::: Material supplied :::

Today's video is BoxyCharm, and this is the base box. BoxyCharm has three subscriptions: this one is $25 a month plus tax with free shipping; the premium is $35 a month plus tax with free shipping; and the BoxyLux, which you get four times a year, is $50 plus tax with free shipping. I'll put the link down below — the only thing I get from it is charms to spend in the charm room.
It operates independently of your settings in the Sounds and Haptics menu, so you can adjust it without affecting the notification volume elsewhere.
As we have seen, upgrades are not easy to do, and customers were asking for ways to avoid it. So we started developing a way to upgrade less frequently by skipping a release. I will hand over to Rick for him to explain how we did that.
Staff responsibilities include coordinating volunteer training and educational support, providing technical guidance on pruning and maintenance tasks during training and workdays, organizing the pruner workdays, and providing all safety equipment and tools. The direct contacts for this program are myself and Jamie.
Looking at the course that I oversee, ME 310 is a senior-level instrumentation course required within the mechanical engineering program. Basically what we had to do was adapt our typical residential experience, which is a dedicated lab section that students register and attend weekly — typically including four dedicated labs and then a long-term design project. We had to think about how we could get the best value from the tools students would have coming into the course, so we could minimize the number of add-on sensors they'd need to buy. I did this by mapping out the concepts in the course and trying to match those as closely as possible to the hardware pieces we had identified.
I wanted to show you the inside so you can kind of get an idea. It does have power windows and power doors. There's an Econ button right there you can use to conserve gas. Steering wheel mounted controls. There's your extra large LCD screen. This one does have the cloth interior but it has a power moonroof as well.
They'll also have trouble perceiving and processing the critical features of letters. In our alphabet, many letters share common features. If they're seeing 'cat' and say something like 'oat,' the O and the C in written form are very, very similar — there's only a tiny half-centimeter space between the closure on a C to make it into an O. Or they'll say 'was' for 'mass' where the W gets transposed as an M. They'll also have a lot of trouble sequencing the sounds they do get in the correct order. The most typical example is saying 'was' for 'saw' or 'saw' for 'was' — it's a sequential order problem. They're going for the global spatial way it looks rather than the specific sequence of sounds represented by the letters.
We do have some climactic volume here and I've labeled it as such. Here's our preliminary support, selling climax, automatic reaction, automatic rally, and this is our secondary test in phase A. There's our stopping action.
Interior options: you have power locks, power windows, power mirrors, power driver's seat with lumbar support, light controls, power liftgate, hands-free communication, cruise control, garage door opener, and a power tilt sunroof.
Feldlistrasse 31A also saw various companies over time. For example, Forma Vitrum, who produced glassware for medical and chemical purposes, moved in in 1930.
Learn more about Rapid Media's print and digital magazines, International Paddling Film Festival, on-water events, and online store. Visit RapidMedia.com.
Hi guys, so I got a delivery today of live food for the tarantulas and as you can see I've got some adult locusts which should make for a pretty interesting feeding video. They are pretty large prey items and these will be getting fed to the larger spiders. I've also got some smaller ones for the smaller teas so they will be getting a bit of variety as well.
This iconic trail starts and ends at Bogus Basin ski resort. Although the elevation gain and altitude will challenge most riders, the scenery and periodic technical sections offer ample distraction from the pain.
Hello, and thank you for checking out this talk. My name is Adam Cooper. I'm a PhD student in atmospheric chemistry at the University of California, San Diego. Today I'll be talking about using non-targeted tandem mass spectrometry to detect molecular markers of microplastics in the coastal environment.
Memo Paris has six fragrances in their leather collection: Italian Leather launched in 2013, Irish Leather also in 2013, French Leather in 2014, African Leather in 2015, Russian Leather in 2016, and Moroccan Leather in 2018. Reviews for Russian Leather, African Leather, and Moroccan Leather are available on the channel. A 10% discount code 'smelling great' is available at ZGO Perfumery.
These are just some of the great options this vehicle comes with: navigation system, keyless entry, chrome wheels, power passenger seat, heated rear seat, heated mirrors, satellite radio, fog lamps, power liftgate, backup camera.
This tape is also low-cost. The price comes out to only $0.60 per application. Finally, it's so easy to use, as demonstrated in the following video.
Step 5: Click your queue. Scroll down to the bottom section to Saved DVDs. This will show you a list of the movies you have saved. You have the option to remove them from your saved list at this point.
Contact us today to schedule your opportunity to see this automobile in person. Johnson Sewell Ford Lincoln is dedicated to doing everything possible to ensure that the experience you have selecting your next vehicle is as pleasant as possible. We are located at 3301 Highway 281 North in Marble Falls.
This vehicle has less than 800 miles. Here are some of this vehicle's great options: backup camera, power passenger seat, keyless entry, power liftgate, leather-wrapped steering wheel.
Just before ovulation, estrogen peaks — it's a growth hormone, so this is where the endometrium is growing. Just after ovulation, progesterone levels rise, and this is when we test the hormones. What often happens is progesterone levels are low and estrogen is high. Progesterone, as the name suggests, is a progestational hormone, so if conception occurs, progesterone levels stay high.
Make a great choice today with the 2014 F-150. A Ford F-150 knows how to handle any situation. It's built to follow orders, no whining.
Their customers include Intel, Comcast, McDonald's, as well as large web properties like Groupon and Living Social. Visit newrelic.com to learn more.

:::

• **What the exercise asks**
Look above and return each line of the records exactly, from the very first through the line with "It operates independently", both included.

• **Task output**
Today's video is BoxyCharm, and this is the base box. BoxyCharm has three subscriptions: this one is $25 a month plus tax with free shipping; the premium is $35 a month plus tax with free shipping; and the BoxyLux, which you get four times a year, is $50 plus tax with free shipping. I'll put the link down below — the only thing I get from it is charms to spend in the charm room.
It operates independently of your settings in the Sounds and Haptics menu, so you can adjust it without affecting the notification volume elsewhere.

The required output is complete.